Faithfully repeat each entry below, minus the pictures.

┄┄┄┄┄┄

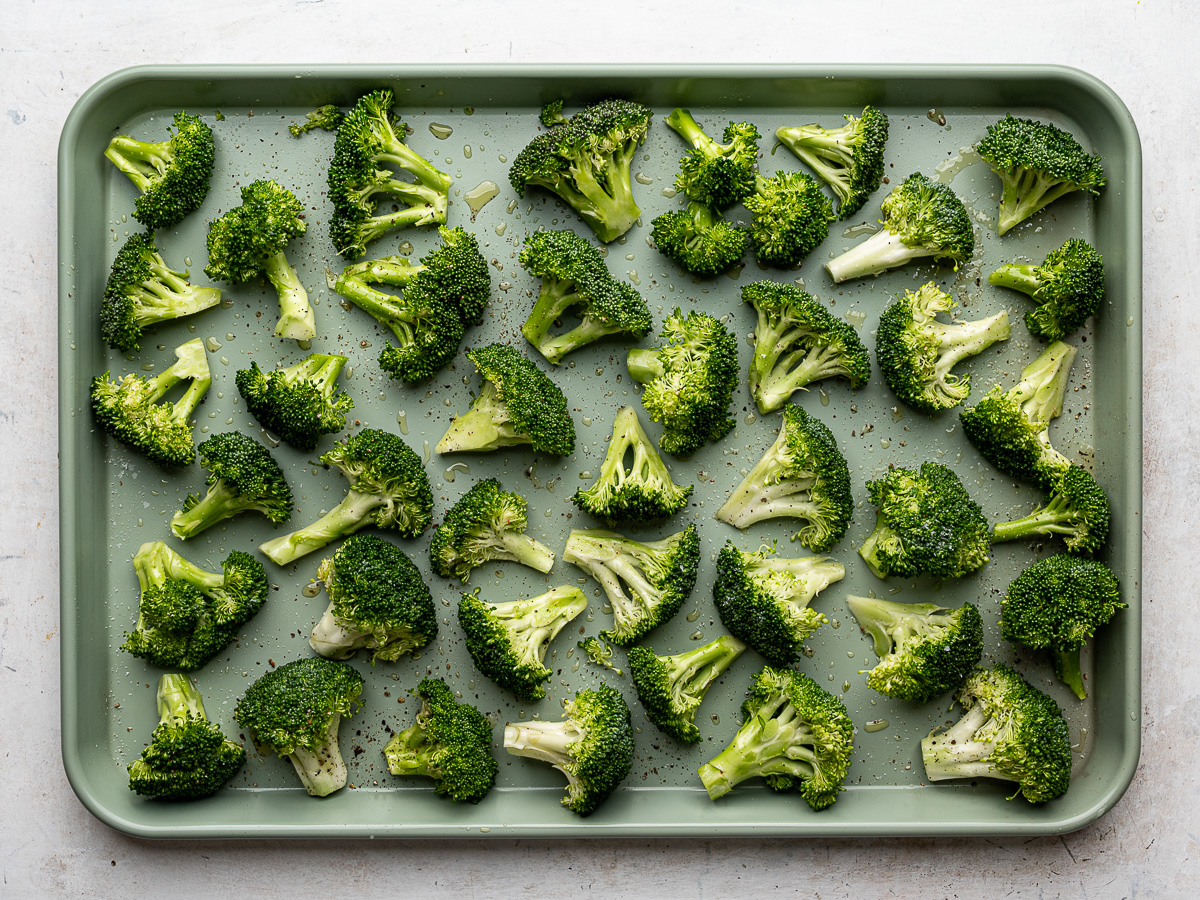 Raw broccoli florets tossed with olive oil, spread out evenly on a sheet pan.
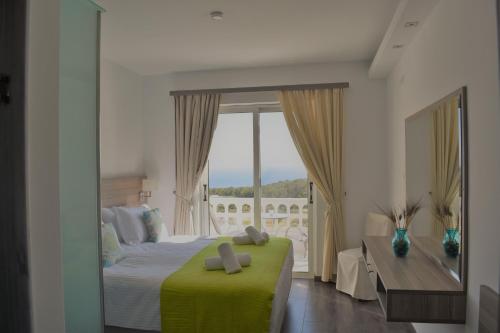 a bedroom with a bed and a large window at Lefkorama in Lefkos Karpathou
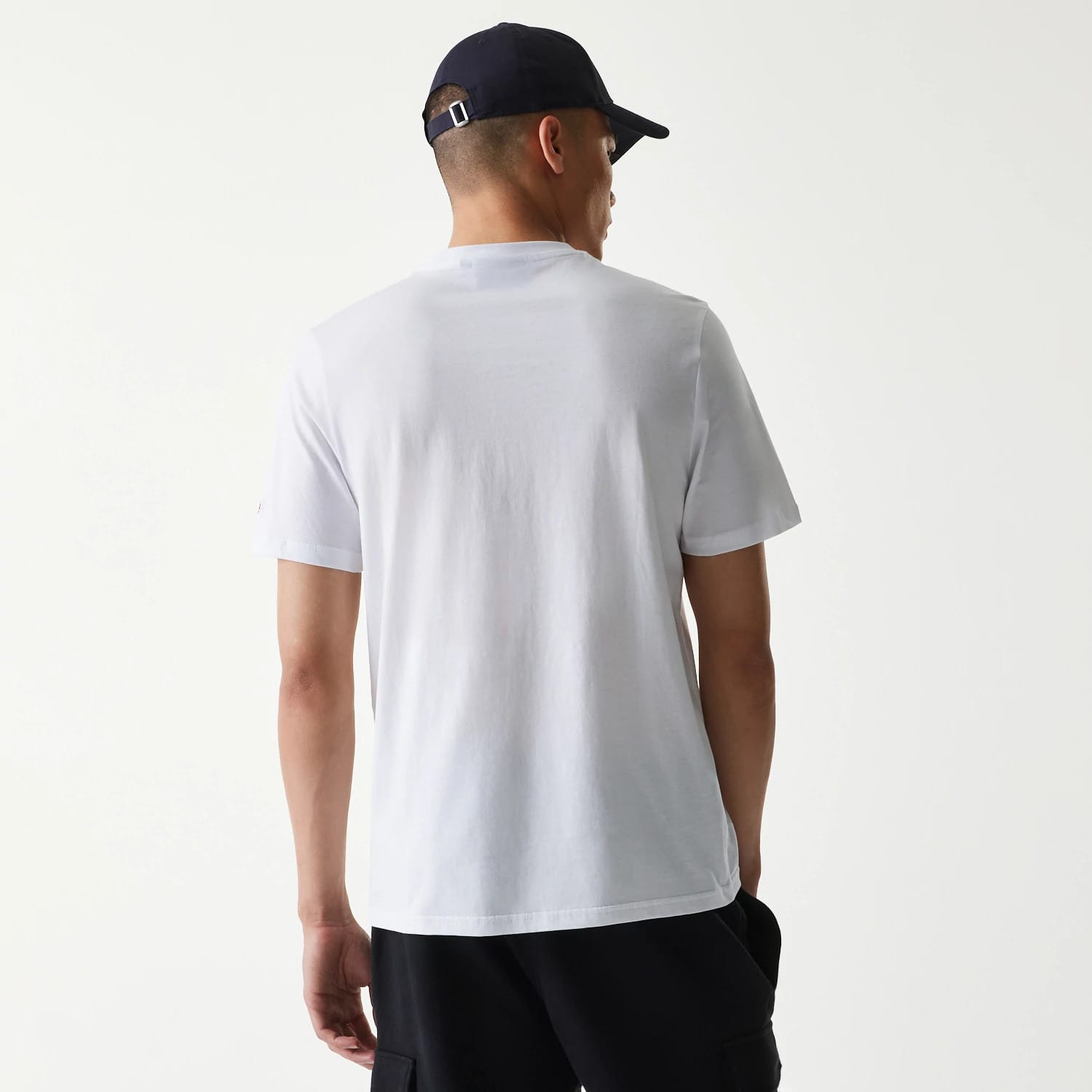New Era MLB Generic Logo MLB Regular White T-Shirt, rear view showing the plain white back with short sleeves, on a model wearing a black cap with a debossed logo and metal buckle at the back.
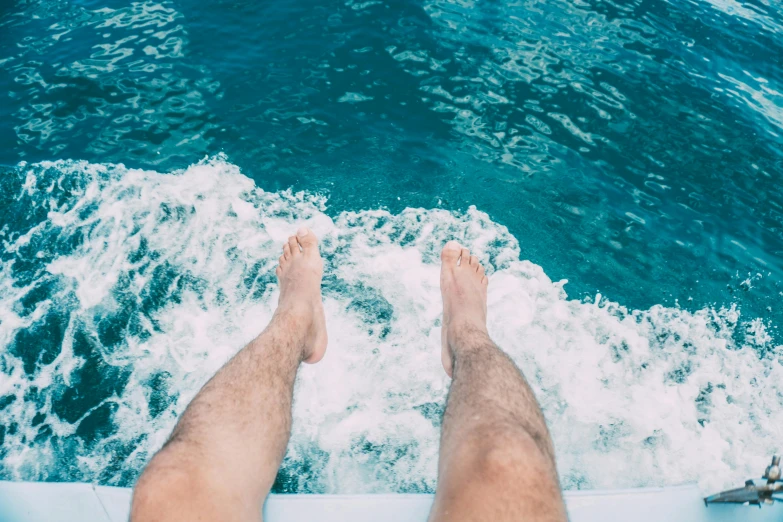 a man sitting on top of a boat in the ocean, by Adam Dario Keel, pexels contest winner, thighs thighs thighs thighs, floating. greenish blue, zachary corzine, juicy legs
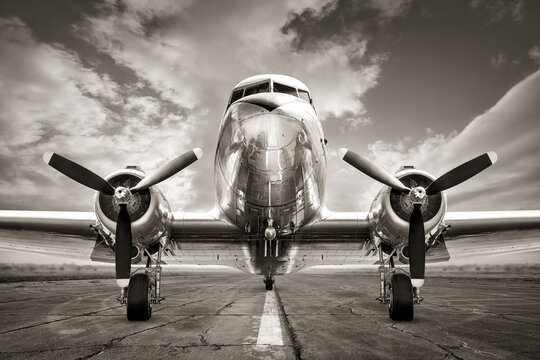 historical aircraft on a runway ready for take off - Powered by Adobe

┄┄┄┄┄┄

▸ Answer below:
 Raw broccoli florets tossed with olive oil, spread out evenly on a sheet pan.
 a bedroom with a bed and a large window at Lefkorama in Lefkos Karpathou
New Era MLB Generic Logo MLB Regular White T-Shirt, rear view showing the plain white back with short sleeves, on a model wearing a black cap with a debossed logo and metal buckle at the back.
 a man sitting on top of a boat in the ocean, by Adam Dario Keel, pexels contest winner, thighs thighs thighs thighs, floating. greenish blue, zachary corzine, juicy legs
 historical aircraft on a runway ready for take off - Powered by Adobe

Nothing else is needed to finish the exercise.